Those of us who were around to witness the big bang of the Victimization Trap are still amazed by how thoroughly entrenched it has become. In the early going, it was pretty much just a handful of hippies to whom no well-bathed person paid much attention. I always thought the Haight-Ashbury kids were kind of humorous, though I did find it difficult to stomach their physical appearance.
Today, however, the Victimization Trap has mentally paralyzed most Western countries. Millions of people have come to believe they are victims of an unjust world and, as a result, they have little incentive to try to improve their lives.
It is the overall disintegration of Western culture that has encouraged people to harbor the many false premises that make them vulnerable to the Victimization Trap. The results are devastating, both to individuals and countries, because those who embrace the self-destructive notion of victimization are doomed, at best, to mediocrity; at worst, total failure.
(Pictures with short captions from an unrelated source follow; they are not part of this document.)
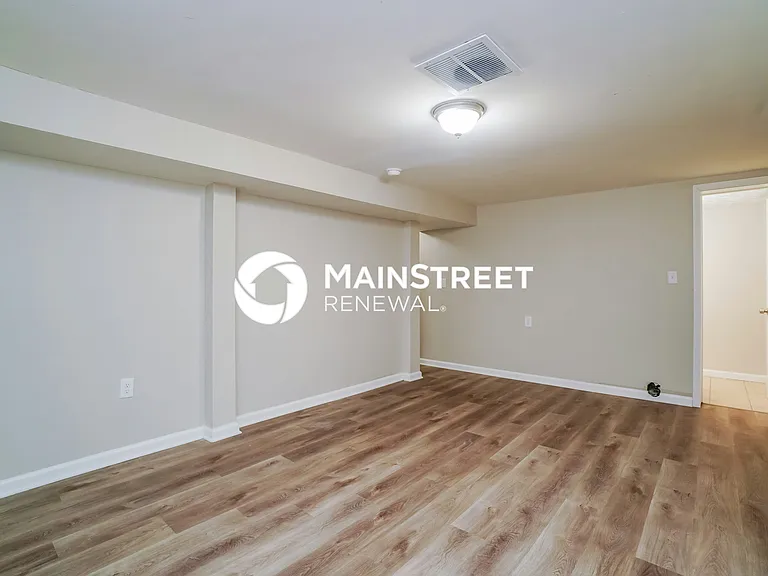 Main Bedroom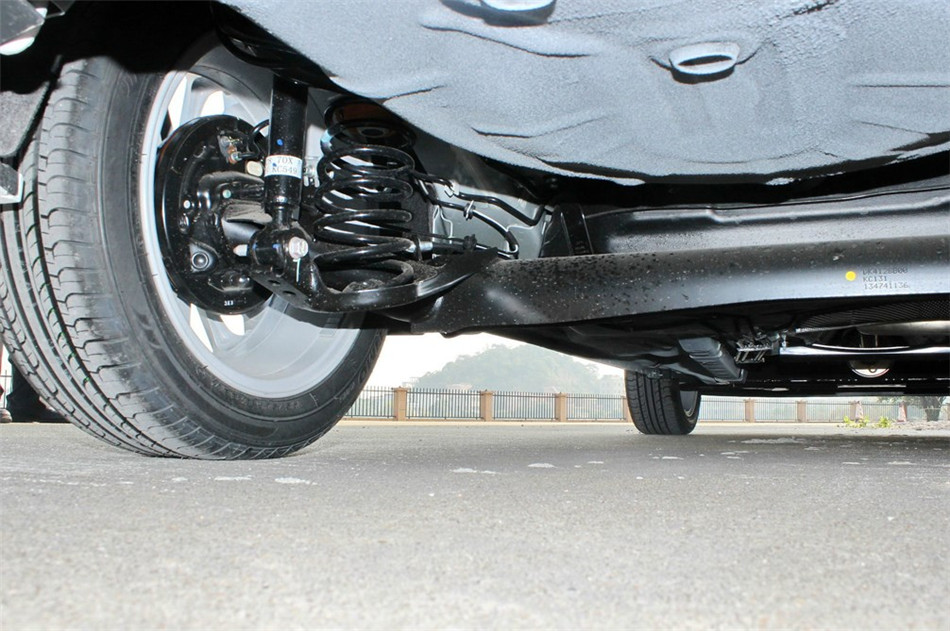 嘉年华 两厢 2014款 1.0T GTDi AT 劲动型 引擎底盘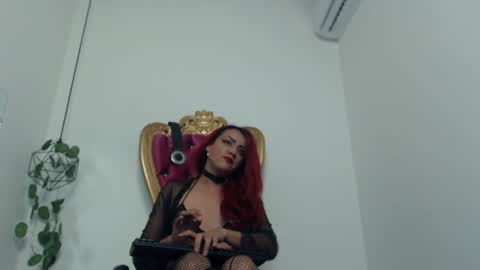 Amy Redqueen online show from December 2024 09:17:01 PM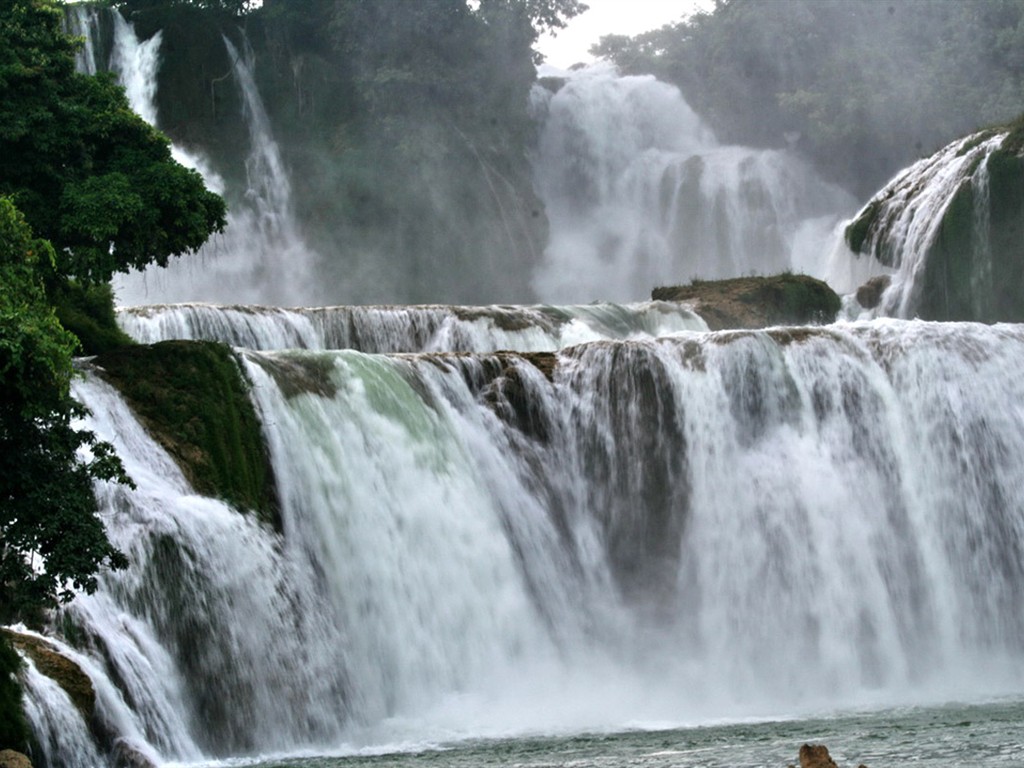 Detian Falls (Minghu Metasequoia Werke) #6 - 1024x768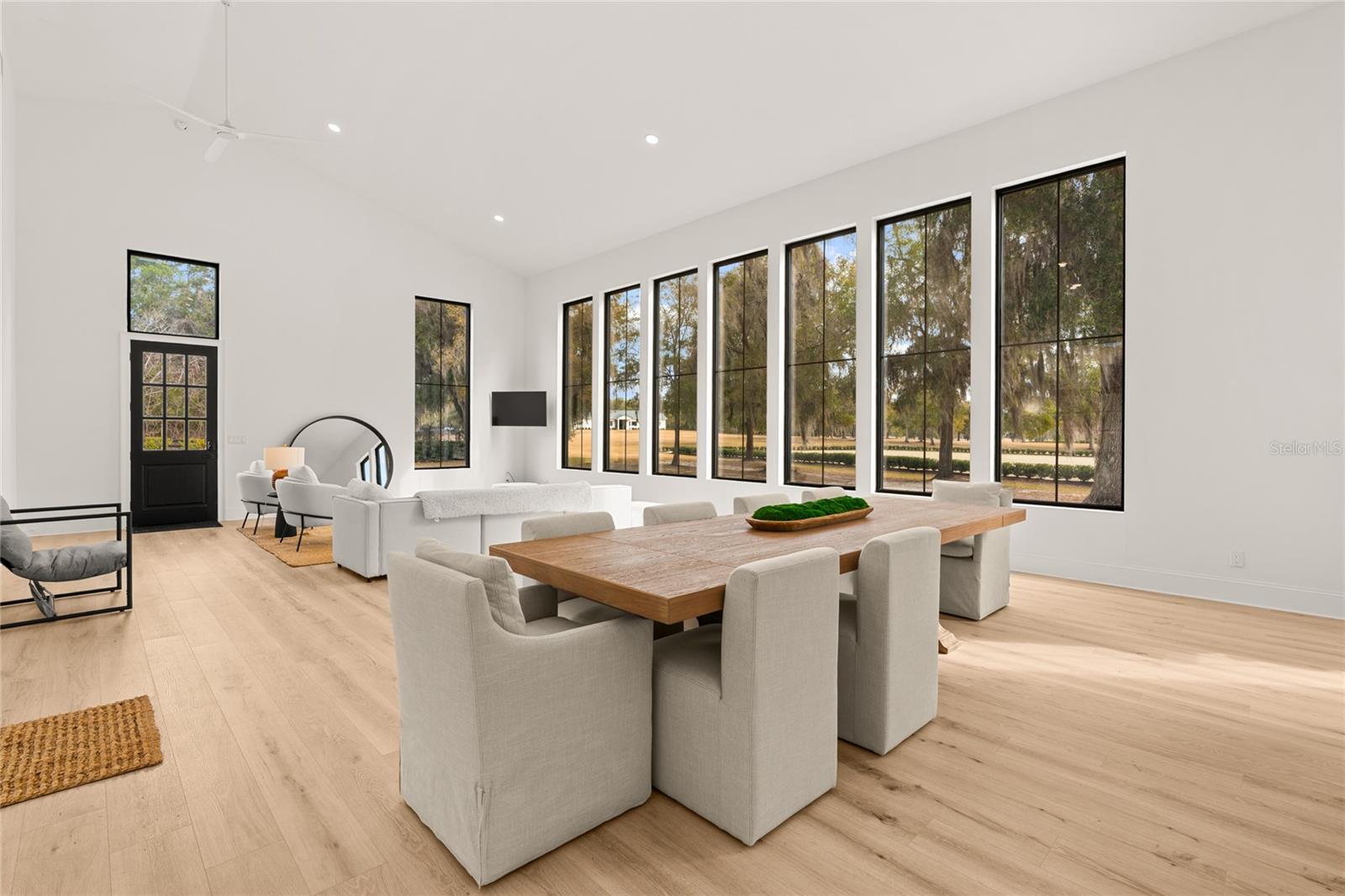 OM718236 Property Photo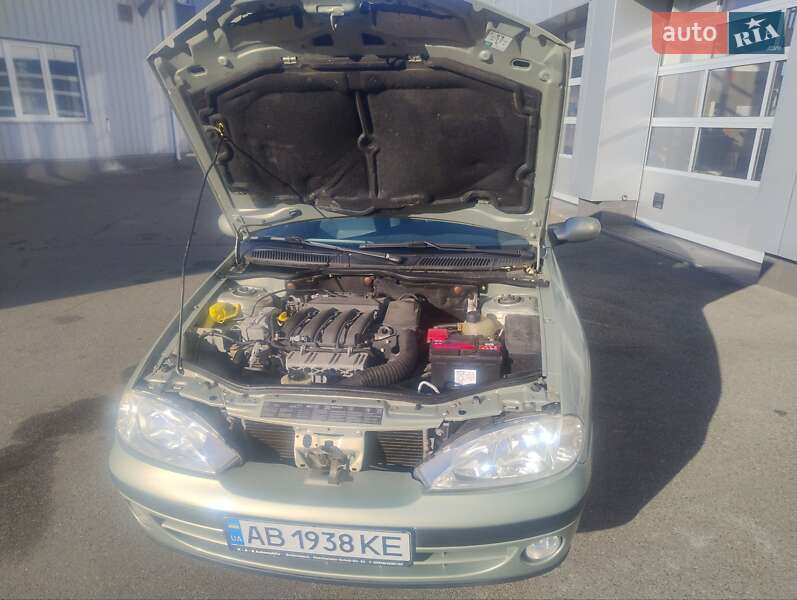Універсал Renault Megane 2003 в Києві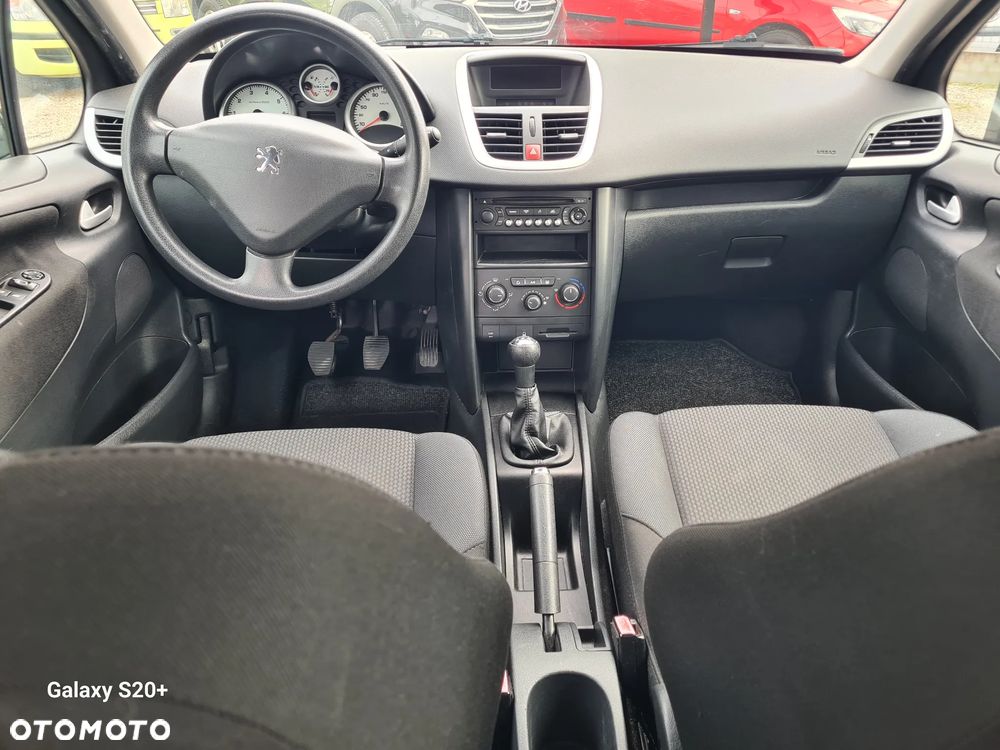 Peugeot 207 - 8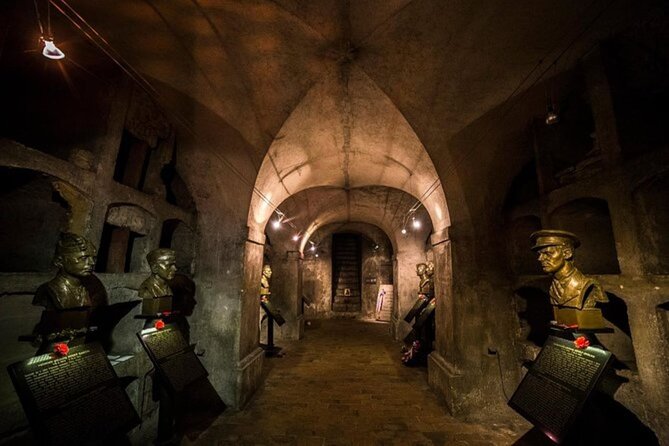 Walking Tour in New Town with Operation Anthropoid (WWII) - Key things to know before you go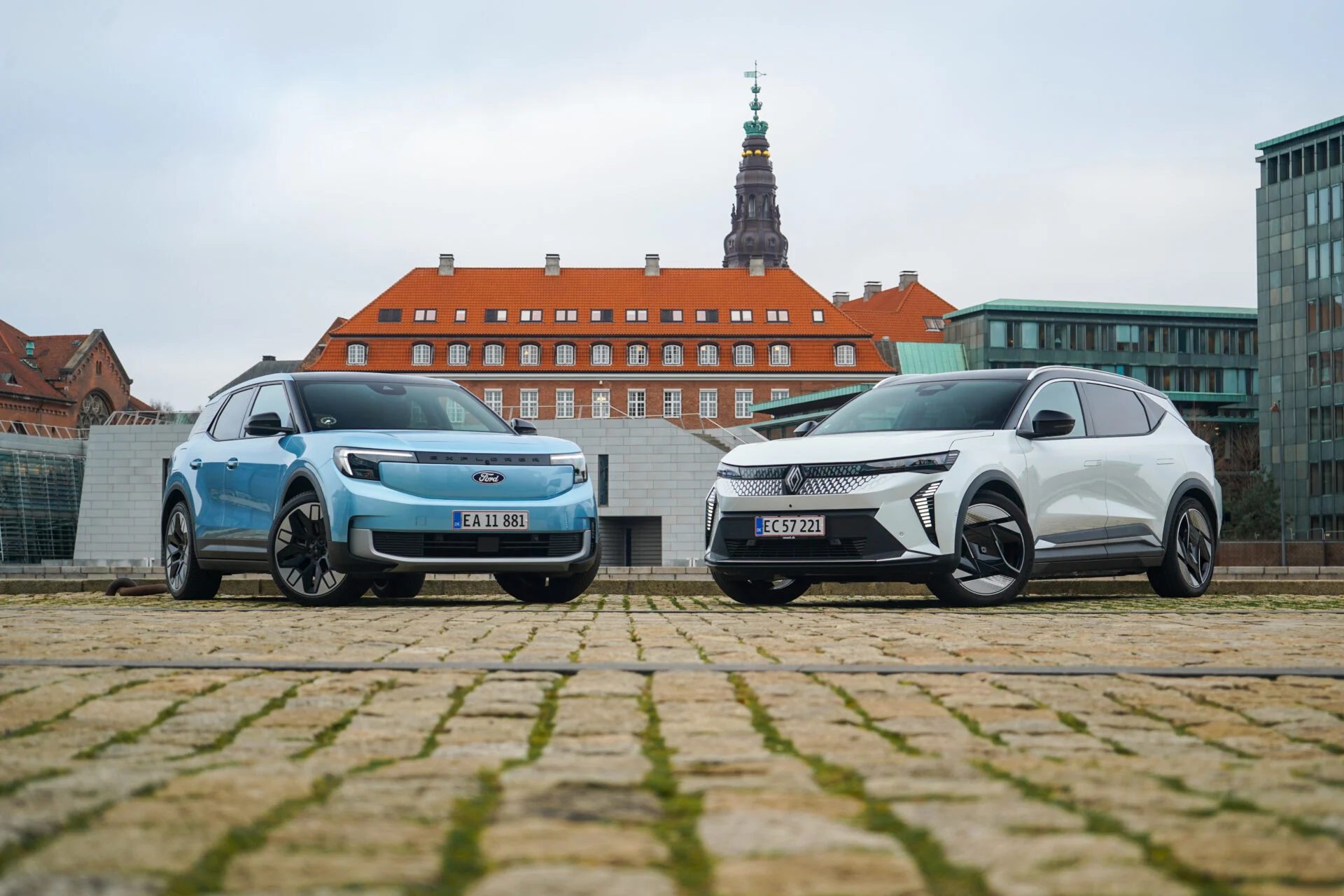 Ford Explorer vs Renault Scenic E-Tech-50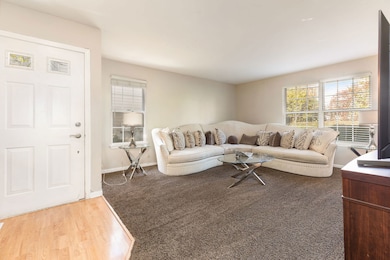 22 Tyler Ct unit A, Streamwood, IL 60107 - photo 6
The Victimization Trap has been set by vote-hungry politicians, self-anointed crusade leaders, and shameless legal hucksters operating under such respectable-sounding labels as “personal-injury attorney” and “civil-rights attorney.” These master truth twisters spread lies that appeal to our human frailties, negatively condition our minds, and lead us to accept false premises.
There are two fundamental problems with victimization. First, it allows a person to harbor the poisonous belief that material gain without work is possible. Second, those who benefit from the Victimization Trap do so at the expense of others.
This is because in order to fulfill the perceived rights of one person, another person’s right to his liberty must be violated; i.e., any product or service that an individual desires must be produced by someone else. And if the product or service (or the money to purchase it) is taken from a productive individual against his will, that individual’s rights have been sacrificed to the desires of the person who receives the largesse.
The Victimization Trap has reached such grotesque proportions in Western society that it now accords the victim label to virtually everyone. Which is sad, because nothing deadens the soul and kills motivation quite like victimization. After all, if the deck has been stacked against you, it’s futile to even try, right?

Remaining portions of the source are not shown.